La deduzione dei costi non e’ ammessa in esercizi diversi da quello di competenza, la regola e’ chiara; il “fai da te” comporterebbe l’alterazione dei risultati della dichiarazione.
In tema di reddito d’impresa, la Corte di cassazione, con la sentenza 9080 del 6 maggio 2015, ha stabilito che i requisiti di certezza (in ordine all’an) e di obiettiva determinabilita’ (in ordine al quantum) dei componenti di reddito debbono venire a realizzarsi entro la fine del periodo d’imposta.
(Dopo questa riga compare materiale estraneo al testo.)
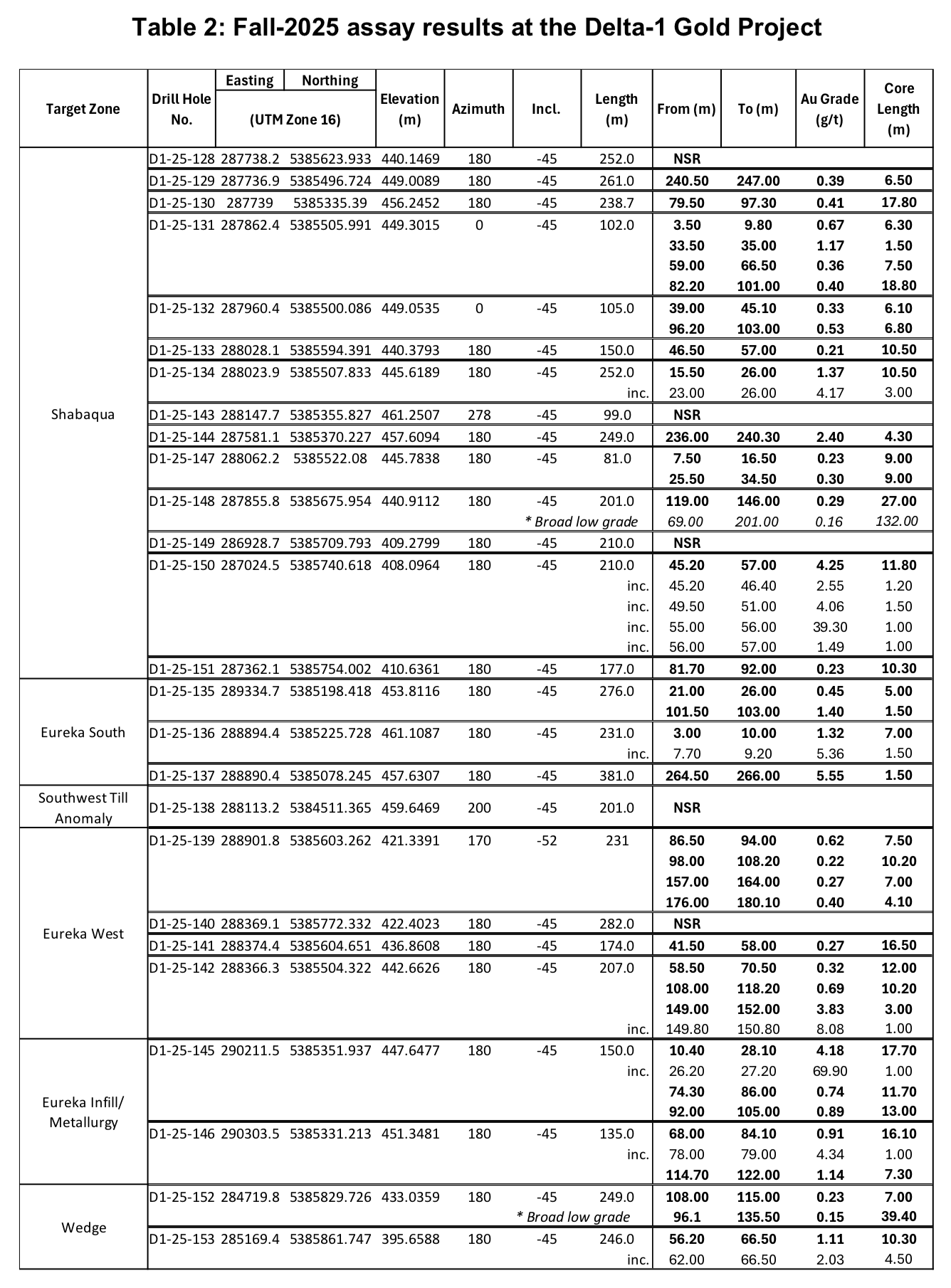 Table 2: Fall-2025 assay results at the Delta-1 Gold Project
Di conseguenza, concorrono a formare il reddito dell’esercizio di competenza anche i componenti la cui conoscenza sia sopravvenuta per il contribuente dopo la chiusura dell’esercizio (ma entro il termine impiegato per la redazione del bilancio ed entro la scadenza per la presentazione della dichiarazione), purche’ i suddetti requisiti di certezza e di obiettiva (pertanto, documentabile) determinabilita’ siano maturati entro la fine dell’esercizio, in modo che non sia rimessa alla mera volonta’ delle parti la scelta dell’esercizio cui il componente e’ imputato.
I fatti
Con avviso di accertamento, l’ente impositore contestava a una societa’ maggiori imposte dovute (Iva, Irpef e Irap), principalmente, per accantonamenti indeducibili.